◆ **Activity**
Please set down each of the lines below once more, exactly, omitting all pictures.

◆ **Supplied information**

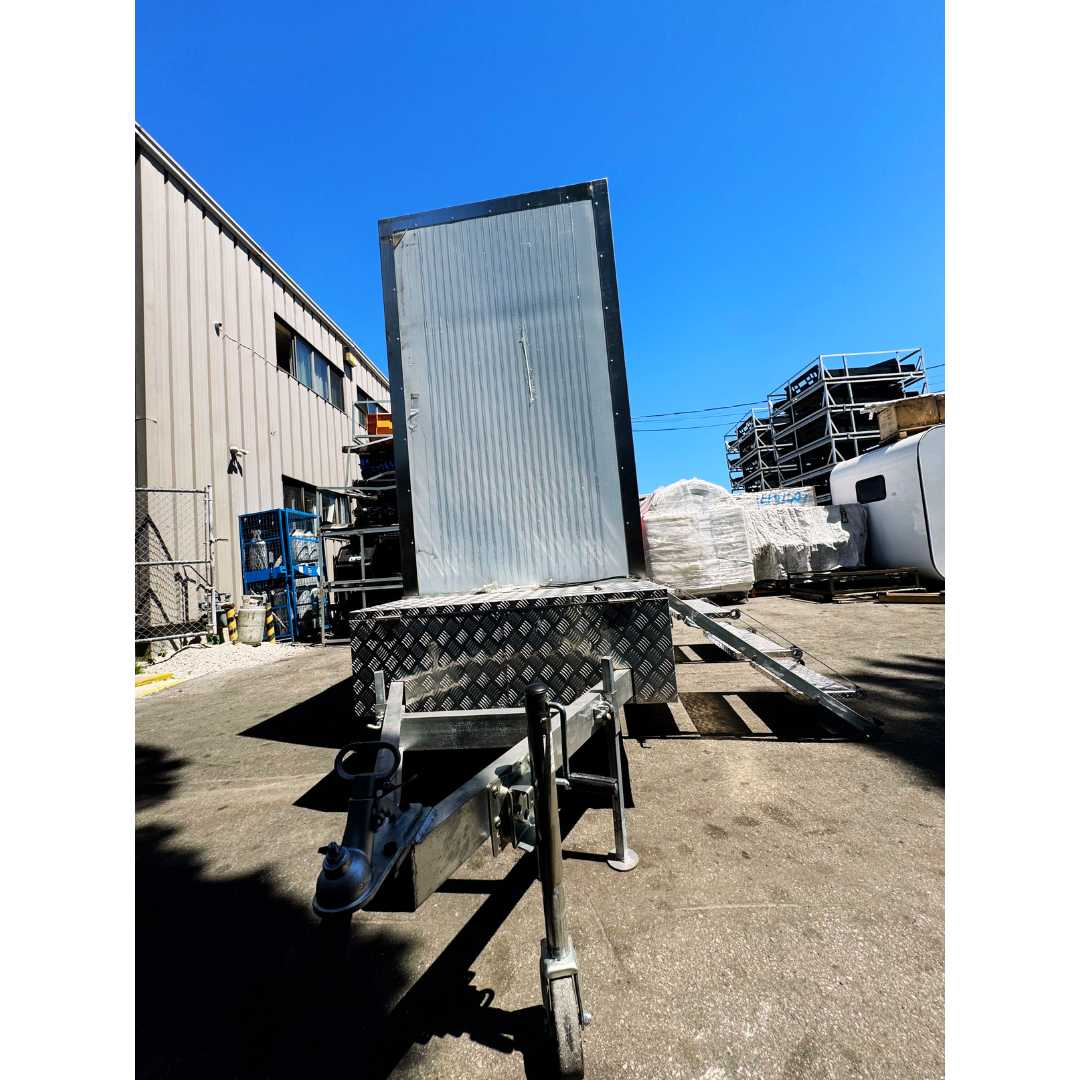 CAEL Mobile Bathroom Trailer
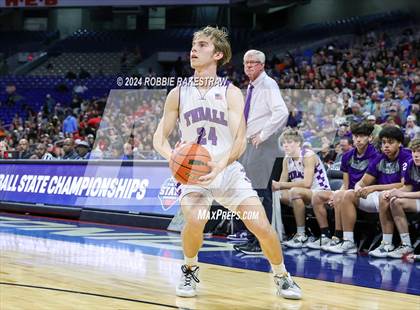 Thumbnail 2 in Thrall vs. Shelbyville (UIL 2A Basketball Semifinal) photogallery.
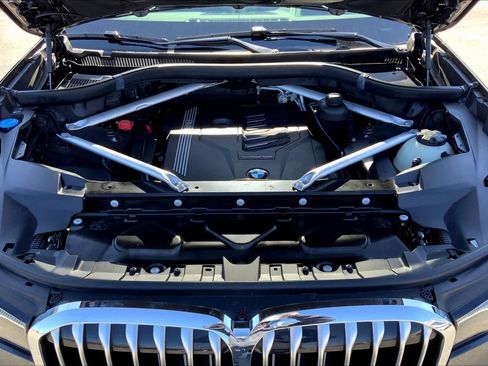 Used 2019 BMW X7 xDrive40i w/ Premium Package image 29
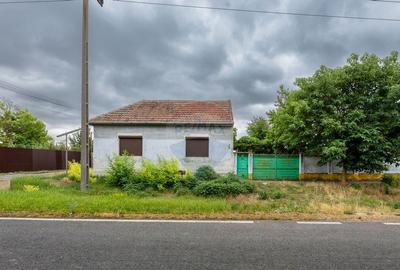 Casa cu 3 camere de vanzare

◆ **Answer box**
 CAEL Mobile Bathroom Trailer
 Thumbnail 2 in Thrall vs. Shelbyville (UIL 2A Basketball Semifinal) photogallery.
 Used 2019 BMW X7 xDrive40i w/ Premium Package image 29
 Casa cu 3 camere de vanzare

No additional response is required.